The appearance of shekel coins happened very gradually, and the first step was the adoption of silver for the balancing of payments, from about 2400 B.C. Nonperishable materials like metals have a very long history in trade and exchange. They were not as prone to decay as items such as grain, and their supply did not fluctuate seasonally. After the invention of coins in the seventh century B.C. the shekel became synonymous with a number of silver coinages in the Near East: coins were, after all, merely weighed and stamped pieces of metal.
The Persian province of Judaea, for which the shekel would later become especially symbolic, did not begin producing its own coins until the fourth century B.C. Instead it imported silver coins mainly from the West, and it is likely that these coins were referred to as shekels, or divisions of shekels in the local Semitic languages, regardless of their original names.
A unique quarter shekel in the British Museum depicts a bearded deity sat on a winged chariot. Its inscription, it is supposed, is YHD, a monogram for “Yehud,” but it could also be interpreted as “YHW” or “YHR,” meaning “Yahweh,” or God. This could be controversial since the Second Commandment of the Hebrew Bible states that “thou shalt make no graven images of anything in heaven or on earth.” It is possible, however, that the coin was initially produced at Gaza, a pagan city. If true, then the featured deity is only one among a vast pantheon of gods that existed across the region, and the controversy is averted.
The Phoenician coastal city of Tyre, in modern Lebanon, became a particularly important coin producer because the silver in its shekels was exceptionally pure, and so they became the coin of choice for paying the half shekel Temple tribute obligatory for Jewish men. The solicitation of this tax even forms the basis for one of Jesus’ miracles, which begins with tax collectors visiting him and Peter on the Sea of Galilee demanding that tribute be paid (Matthew 17:27). They have no money, so Jesus tells Peter to throw a line into the sea and to open the mouth of the first fish he catches. Peter obeys and finds a shekel, translated into “stater” for the Greek-speaking readers of the New Testament, in the mouth of the fish.
The First Jewish Revolt of A.D. 65 to 70 transformed the shekel into a potent symbol of political defiance. The rebels minted shekels, half-shekels and quarter-shekels in Jerusalem during the war. Featuring the Omer cup and three pomegranates, their imagery was closely related to Jewish religious practice. Significantly, these were the first coins specifically to have the denomination “shekel” inscribed upon them.

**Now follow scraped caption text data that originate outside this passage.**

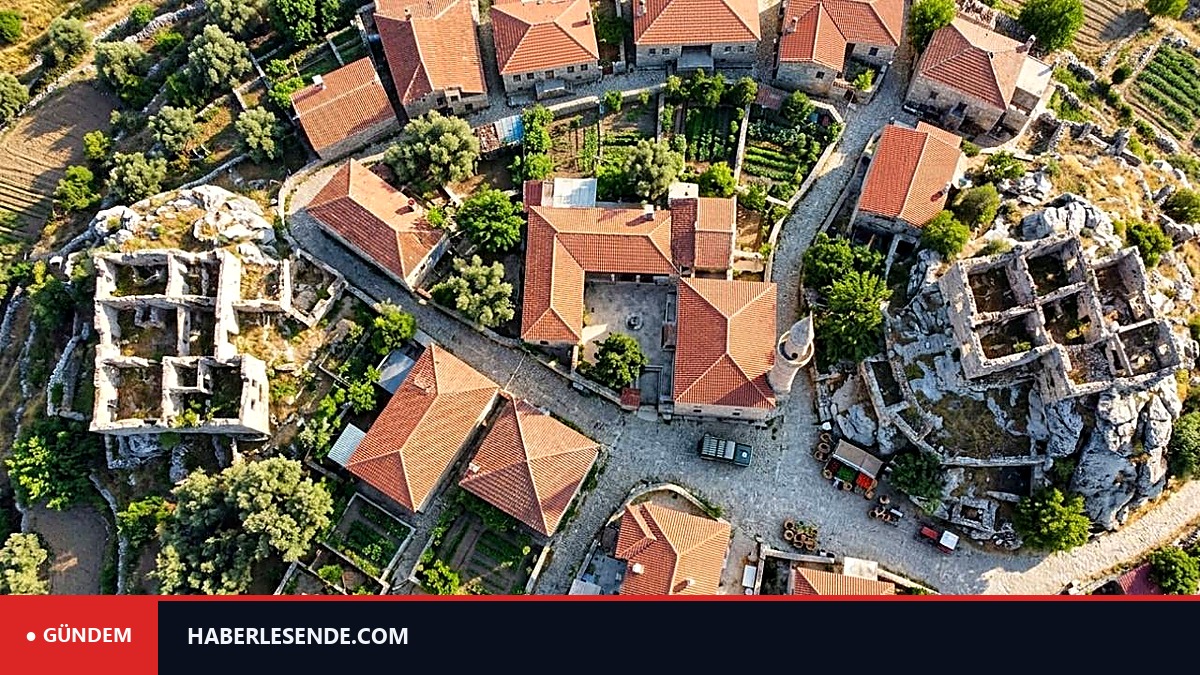 55 kişilik betonsuz köye 100 bin kişi akın etti: Türkiye'de ilk ve tek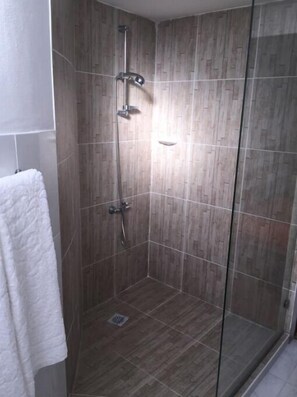 Shower, rainfall showerhead, towels, soap - Bed and breakfast Residencial Maravilha (São Vicente)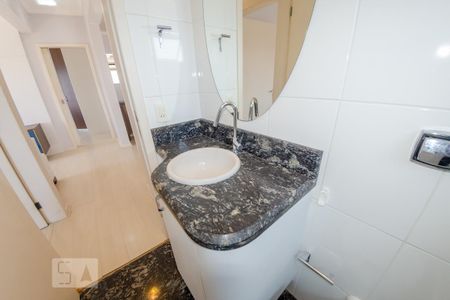 Apartamento para alugar com 62m², 2 quartos e 1 vaga Apartamento para alugar com 62m², 2 quartos e 1 vagaBanheiro social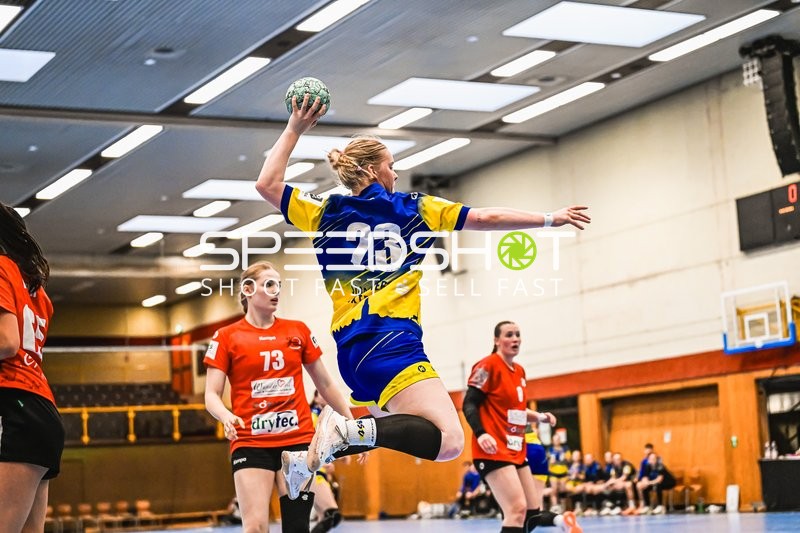 Szene mit 23; Buxtehude SV U19 und Lea-Sophie Graich (73; TV Hannover-Badenstedt U19)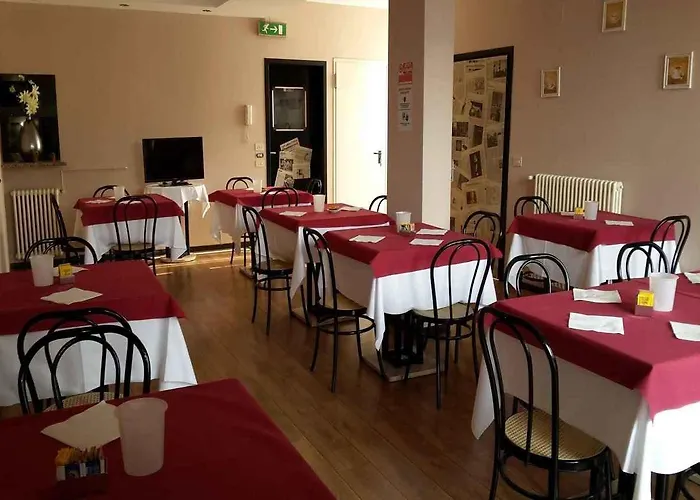 Papillon Hotel San Polo dʼEnza in Caviano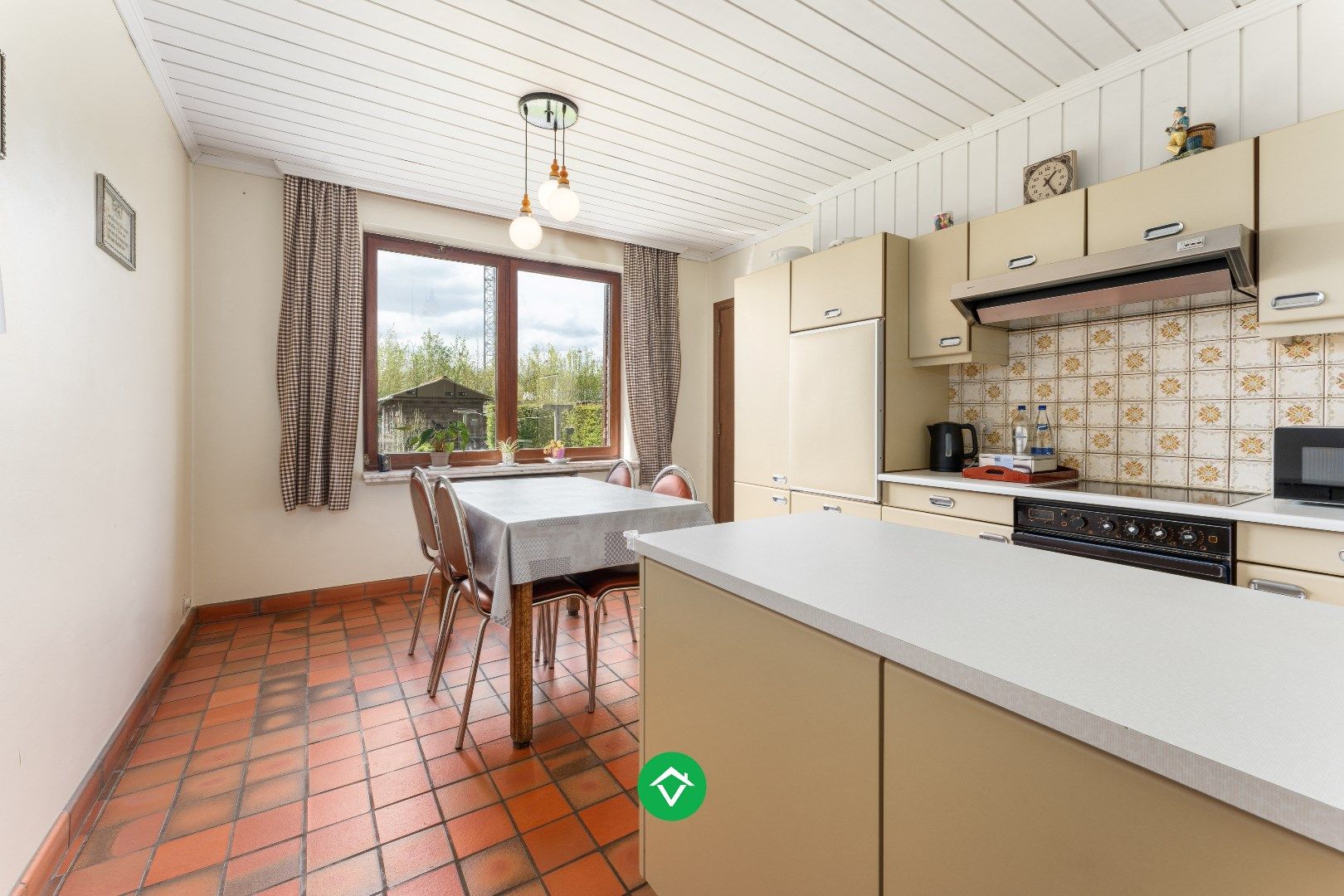 Alleenstaande woning met drie slaapkamers en dubbele inpandige garage te huur foto 6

In coinage terms, the shekel’s story might have ended in A.D. 70 with the defeat of the rebels and fall of Jerusalem to the Romans. Yet it received an unexpected 20th century revival with the announcement, in 1969, by Israel that its greatly devalued Israeli pound was to be replaced by the shekel, or sheqel. New notes and coins finally appeared in 1980.
As Israel’s finance minister said, by adopting the sheqel Israel was “returning to its roots.” The new coins even featured the Omer cup in reference to the shekels of the First Jewish Revolt. Its revival as a currency in the 20th century provides perhaps an odd coda for a term that came into existence 5,000 years ago, but it reflects the shekel’s multilayered history: beginning as a practical solution to help standardize accounting, it developed into a symbolic representation of historic continuity for the people of Israel.